Task prompt: Below are some entries; set them all down exactly.

Crawled caption data:
-- Opening Marker --

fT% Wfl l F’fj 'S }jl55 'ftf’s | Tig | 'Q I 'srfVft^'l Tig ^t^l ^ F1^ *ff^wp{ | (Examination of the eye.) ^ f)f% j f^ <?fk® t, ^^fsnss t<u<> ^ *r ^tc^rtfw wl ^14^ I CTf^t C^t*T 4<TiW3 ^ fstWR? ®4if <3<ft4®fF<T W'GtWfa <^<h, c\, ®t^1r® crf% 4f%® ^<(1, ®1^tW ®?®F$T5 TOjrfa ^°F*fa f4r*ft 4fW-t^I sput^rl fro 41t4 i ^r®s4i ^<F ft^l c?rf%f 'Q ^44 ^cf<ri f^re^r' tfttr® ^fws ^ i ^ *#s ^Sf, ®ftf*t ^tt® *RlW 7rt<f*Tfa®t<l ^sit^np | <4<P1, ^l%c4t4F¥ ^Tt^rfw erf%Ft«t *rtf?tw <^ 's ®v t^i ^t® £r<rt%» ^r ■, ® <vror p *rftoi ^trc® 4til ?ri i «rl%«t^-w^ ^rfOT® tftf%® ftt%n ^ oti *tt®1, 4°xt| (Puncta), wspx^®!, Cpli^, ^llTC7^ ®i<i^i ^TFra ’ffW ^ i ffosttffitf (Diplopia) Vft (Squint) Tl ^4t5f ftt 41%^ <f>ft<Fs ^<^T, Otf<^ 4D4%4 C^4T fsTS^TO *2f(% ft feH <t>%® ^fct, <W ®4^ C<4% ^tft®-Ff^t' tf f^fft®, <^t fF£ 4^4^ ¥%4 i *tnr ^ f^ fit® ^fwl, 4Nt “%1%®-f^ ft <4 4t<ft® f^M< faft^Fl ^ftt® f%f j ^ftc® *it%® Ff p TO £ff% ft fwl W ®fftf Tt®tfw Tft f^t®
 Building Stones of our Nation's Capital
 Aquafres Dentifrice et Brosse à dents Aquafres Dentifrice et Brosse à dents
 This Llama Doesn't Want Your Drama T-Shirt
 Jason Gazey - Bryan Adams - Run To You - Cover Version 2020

-- Closing Marker --

Response below:
fT% Wfl l F’fj 'S }jl55 'ftf’s | Tig | 'Q I 'srfVft^'l Tig ^t^l ^ F1^ *ff^wp{ | (Examination of the eye.) ^ f)f% j f^ <?fk® t, ^^fsnss t<u<> ^ *r ^tc^rtfw wl ^14^ I CTf^t C^t*T 4<TiW3 ^ fstWR? ®4if <3<ft4®fF<T W'GtWfa <^<h, c\, ®t^1r® crf% 4f%® ^<(1, ®1^tW ®?®F$T5 TOjrfa ^°F*fa f4r*ft 4fW-t^I sput^rl fro 41t4 i ^r®s4i ^<F ft^l c?rf%f 'Q ^44 ^cf<ri f^re^r' tfttr® ^fws ^ i ^ *#s ^Sf, ®ftf*t ^tt® *RlW 7rt<f*Tfa®t<l ^sit^np | <4<P1, ^l%c4t4F¥ ^Tt^rfw erf%Ft«t *rtf?tw <^ 's ®v t^i ^t® £r<rt%» ^r ■, ® <vror p *rftoi ^trc® 4til ?ri i «rl%«t^-w^ ^rfOT® tftf%® ftt%n ^ oti *tt®1, 4°xt| (Puncta), wspx^®!, Cpli^, ^llTC7^ ®i<i^i ^TFra ’ffW ^ i ffosttffitf (Diplopia) Vft (Squint) Tl ^4t5f ftt 41%^ <f>ft<Fs ^<^T, Otf<^ 4D4%4 C^4T fsTS^TO *2f(% ft feH <t>%® ^fct, <W ®4^ C<4% ^tft®-Ff^t' tf f^fft®, <^t fF£ 4^4^ ¥%4 i *tnr ^ f^ fit® ^fwl, 4Nt “%1%®-f^ ft <4 4t<ft® f^M< faft^Fl ^ftt® f%f j ^ftc® *it%® Ff p TO £ff% ft fwl W ®fftf Tt®tfw Tft f^t®
 Building Stones of our Nation's Capital
 Aquafres Dentifrice et Brosse à dents Aquafres Dentifrice et Brosse à dents
 This Llama Doesn't Want Your Drama T-Shirt
 Jason Gazey - Bryan Adams - Run To You - Cover Version 2020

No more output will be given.